_Assigned task_.
Reproduce the listing exactly. Omit pictures.

_Provided data_.
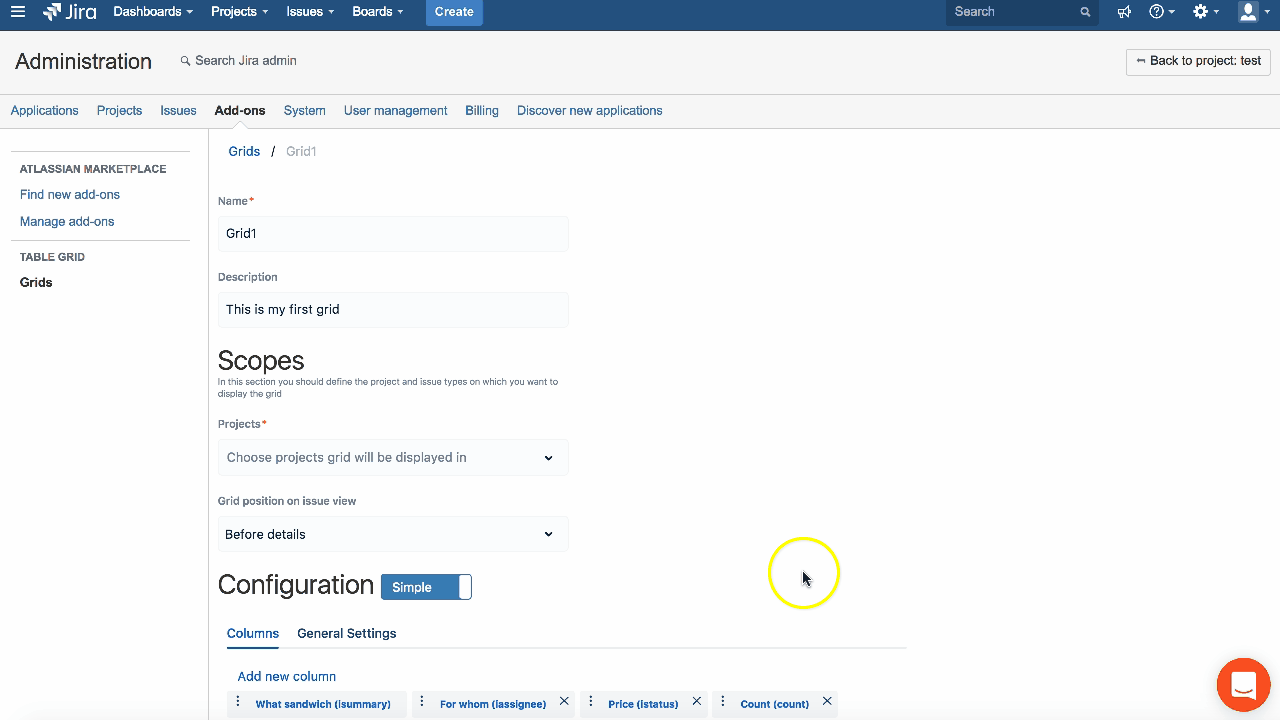 Table Grid over multiple projects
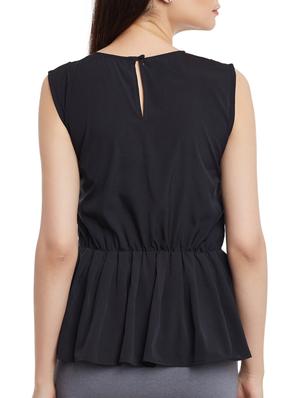 black crepe round neck top - 12926428 - Standard Image - 3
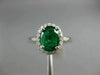 1.29CT DIAMOND & AAA OVAL EMERALD 14K WHITE GOLD 3D HALO CLASSIC ENGAGEMENT RING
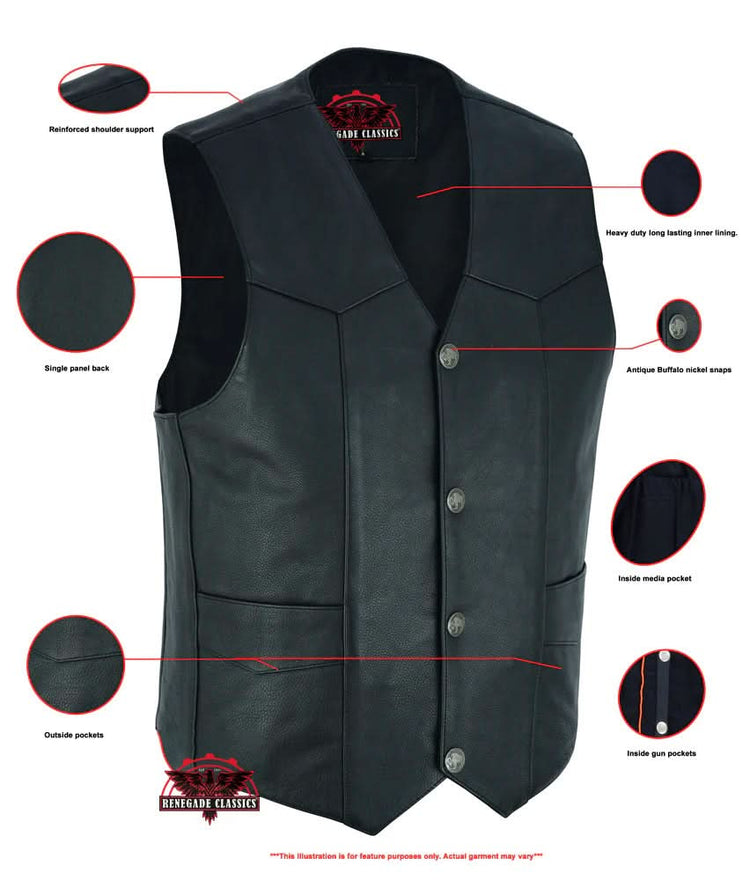 Men's Single Back Panel motorcycle vest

_Solved exercise_.
 Table Grid over multiple projects
 black crepe round neck top - 12926428 - Standard Image - 3
 1.29CT DIAMOND & AAA OVAL EMERALD 14K WHITE GOLD 3D HALO CLASSIC ENGAGEMENT RING
 Men's Single Back Panel motorcycle vest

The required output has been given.